▶ **PROBLEM TO SOLVE**
Please repeat, unchanged, the lines at the top of the listing below, ending with the one that has "2026 RAM 1500".

Segment Start: DATASET RECORDS

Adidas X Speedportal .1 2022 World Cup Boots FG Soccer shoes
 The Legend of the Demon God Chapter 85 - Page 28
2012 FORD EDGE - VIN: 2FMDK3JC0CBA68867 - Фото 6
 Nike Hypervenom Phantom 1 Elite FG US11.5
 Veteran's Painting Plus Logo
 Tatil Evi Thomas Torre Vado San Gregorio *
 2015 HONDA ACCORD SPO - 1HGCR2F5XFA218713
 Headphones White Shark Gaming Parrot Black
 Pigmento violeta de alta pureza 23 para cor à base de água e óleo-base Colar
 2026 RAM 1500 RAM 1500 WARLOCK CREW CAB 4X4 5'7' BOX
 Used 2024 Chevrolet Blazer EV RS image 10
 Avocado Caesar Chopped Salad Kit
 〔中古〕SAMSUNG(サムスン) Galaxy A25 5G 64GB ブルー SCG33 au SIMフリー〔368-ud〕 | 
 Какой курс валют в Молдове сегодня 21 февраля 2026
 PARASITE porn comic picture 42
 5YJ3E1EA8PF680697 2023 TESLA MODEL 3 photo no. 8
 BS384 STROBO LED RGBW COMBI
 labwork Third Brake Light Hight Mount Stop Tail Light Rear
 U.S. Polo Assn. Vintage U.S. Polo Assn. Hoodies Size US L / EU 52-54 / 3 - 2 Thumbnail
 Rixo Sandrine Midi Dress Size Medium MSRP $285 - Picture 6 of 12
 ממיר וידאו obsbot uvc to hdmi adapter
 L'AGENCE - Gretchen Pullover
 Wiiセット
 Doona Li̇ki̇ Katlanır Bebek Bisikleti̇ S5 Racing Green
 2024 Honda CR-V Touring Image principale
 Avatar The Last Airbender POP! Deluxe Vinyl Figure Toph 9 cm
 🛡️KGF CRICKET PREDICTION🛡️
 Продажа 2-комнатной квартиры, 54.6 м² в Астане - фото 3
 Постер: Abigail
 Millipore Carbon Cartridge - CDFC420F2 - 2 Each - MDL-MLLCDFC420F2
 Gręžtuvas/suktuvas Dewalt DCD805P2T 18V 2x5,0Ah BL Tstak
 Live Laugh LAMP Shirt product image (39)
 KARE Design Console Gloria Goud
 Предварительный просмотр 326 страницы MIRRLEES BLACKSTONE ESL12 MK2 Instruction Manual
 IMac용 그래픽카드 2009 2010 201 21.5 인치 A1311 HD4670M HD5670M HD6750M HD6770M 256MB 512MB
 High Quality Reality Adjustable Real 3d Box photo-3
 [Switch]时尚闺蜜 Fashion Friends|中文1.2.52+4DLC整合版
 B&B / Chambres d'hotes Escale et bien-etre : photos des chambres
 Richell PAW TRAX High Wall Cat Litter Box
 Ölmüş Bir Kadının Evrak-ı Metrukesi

Segment End: DATASET RECORDS

▶ **EXERCISE SOLUTION**
Adidas X Speedportal .1 2022 World Cup Boots FG Soccer shoes
 The Legend of the Demon God Chapter 85 - Page 28
2012 FORD EDGE - VIN: 2FMDK3JC0CBA68867 - Фото 6
 Nike Hypervenom Phantom 1 Elite FG US11.5
 Veteran's Painting Plus Logo
 Tatil Evi Thomas Torre Vado San Gregorio *
 2015 HONDA ACCORD SPO - 1HGCR2F5XFA218713
 Headphones White Shark Gaming Parrot Black
 Pigmento violeta de alta pureza 23 para cor à base de água e óleo-base Colar
 2026 RAM 1500 RAM 1500 WARLOCK CREW CAB 4X4 5'7' BOX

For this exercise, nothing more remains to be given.